Potsdamer Neueste Nachrichten
09.06.05
Zugkraft der Stammbahn reicht nicht
Bürgermeister der Region fordern "ganzheitlichen Ansatz" – dazu zählt auch
S-Bahn-Ringschluss
Stahnsdorf - Gestern wurde im Landtag ein gemeinsamer Antrag von CDU und SPD
beschlossen, wonach die Landesregierung die Finanzierung für den Wiederaufbau
der Stammbahn prüfen soll. Das kann für die drei Bürgermeister von Stahnsdorf,
Teltow und Kleinmachnow nur Teil und Beginn eines Gesamtkonzeptes für den
Schienen gebundenen Personennahverkehr sein. „Wir erwarten einen ganzheitlichen
Ansatz für die Region“, betonte Stahnsdorfs Gemeindechef Gerhard Enser (CDU)
gestern auf einer gemeinsamen Pressekonferenz.
„Es darf nicht der Eindruck entstehen, dass man sich nach dem Kraftakt
„Stammbahn“ zurücklehnt und sagt: Das war’s“, so Kleinmachnows Bürgermeister
Wolfgang Blasig (SPD). Die Stammbahn sei ein guter Schritt in die richtige
Richtung, doch animiert Blasig zu einer komplexeren Sicht: „Was die Region
tatsächlich braucht, ist ein Gesamtkonzept“. Neben der Stammbahn gehöre die
Verlängerung der S-Bahn von Teltow nach Stahnsdorf sowie der S-Bahn-Ringschluss
bis Wannsee dazu.
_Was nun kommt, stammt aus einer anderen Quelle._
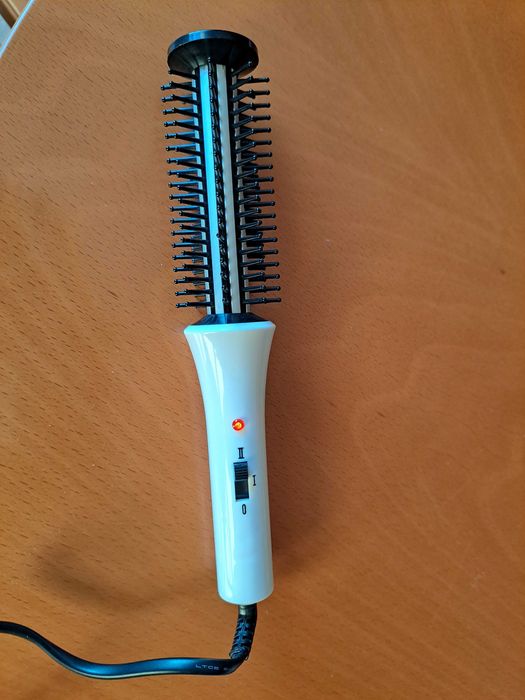 	Escova eléctrica de cabelo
Diese Vorhaben seien lange diskutiert und zum Teil auch
geplant. Jetzt gelte es, „die Themen zu bilanzieren und auf ihre Wechselwirkung
zu untersuchen“, befand Enser. Dass die Landtagsfraktion der PDS gleichfalls
für eine integrierte Untersuchung der Verkehrsentwicklung in der Region
plädiere, wertete Blasig als Signal, „dass auch die Opposition im Landtag für weitere
Schritte zur Verfügung steht“.
Eine klare Absage erteilt das
Bürgermeister-Trio der wiederholt auflebenden Idee einer Straßenbahn von
Potsdam nach Teltow, wie es die Stahnsdorfer AG „Verkehrskonzepte“ jetzt wieder
vorgeschlagen hat. „Absoluten Blödsinn“, nannte Teltows Stadtchef Thomas
Schmidt (SPD) diesen Gedanken. Als „unselig, absurd und inakzeptabel“
bezeichnete sein Kleinmachnower Amtskollege den Vorschlag. Den geringsten
Wirkungsgrad bei Stamm-, S- und Straßenbahn bescheinigt Enser der Tram.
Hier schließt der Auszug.